Data records >>
---

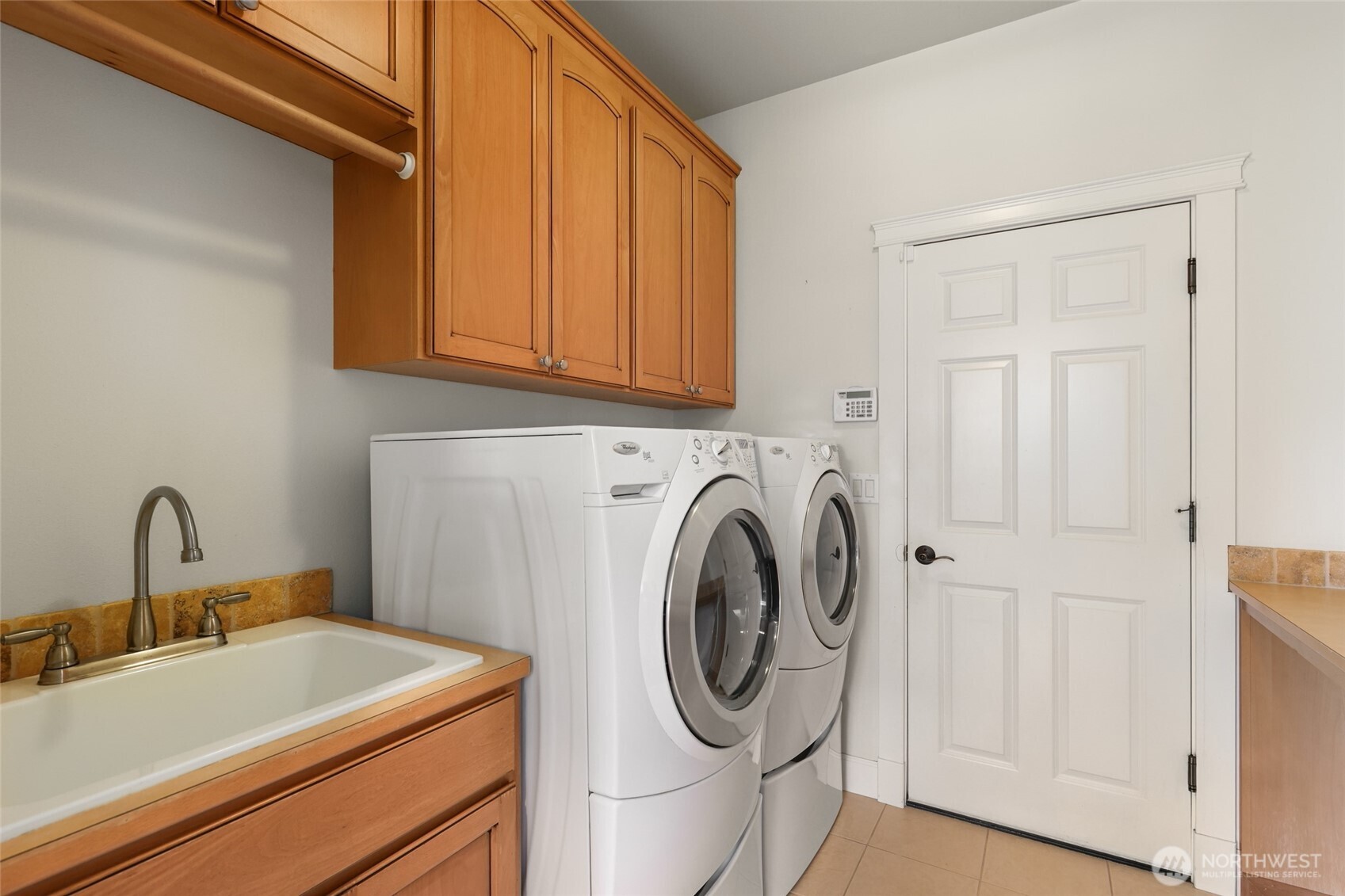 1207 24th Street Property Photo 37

---

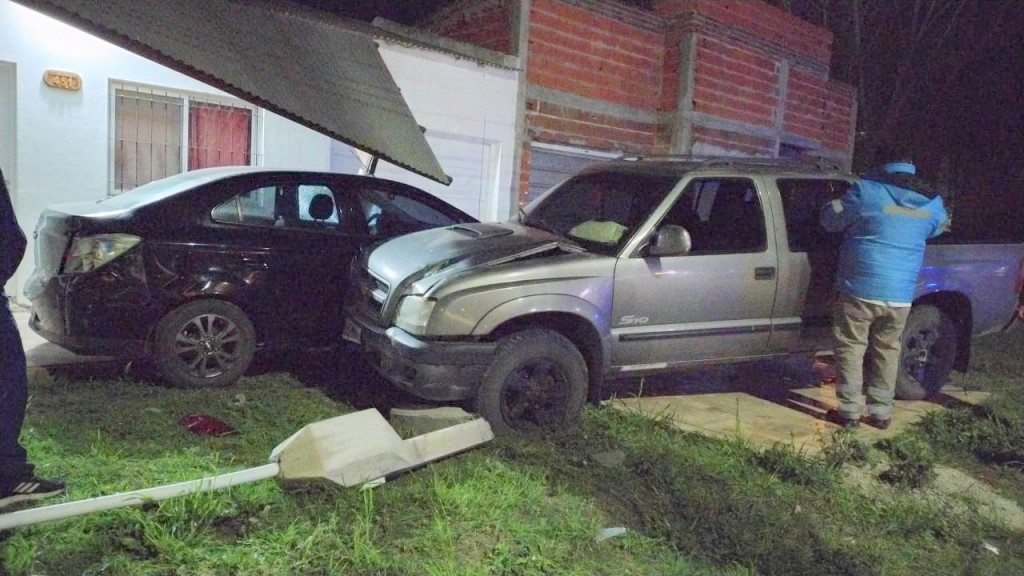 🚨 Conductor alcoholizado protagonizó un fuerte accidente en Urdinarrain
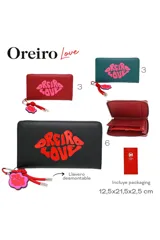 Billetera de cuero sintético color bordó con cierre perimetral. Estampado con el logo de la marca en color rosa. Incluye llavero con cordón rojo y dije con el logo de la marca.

---

Exercise goal >>
Starting at the line with "accidente en Urdinarrain" and finishing at the line with "Billetera de cuero", copy the material above exactly, both lines included. Nothing else goes in, and no pictures.

Response >>
 🚨 Conductor alcoholizado protagonizó un fuerte accidente en Urdinarrain
 Billetera de cuero sintético color bordó con cierre perimetral. Estampado con el logo de la marca en color rosa. Incluye llavero con cordón rojo y dije con el logo de la marca.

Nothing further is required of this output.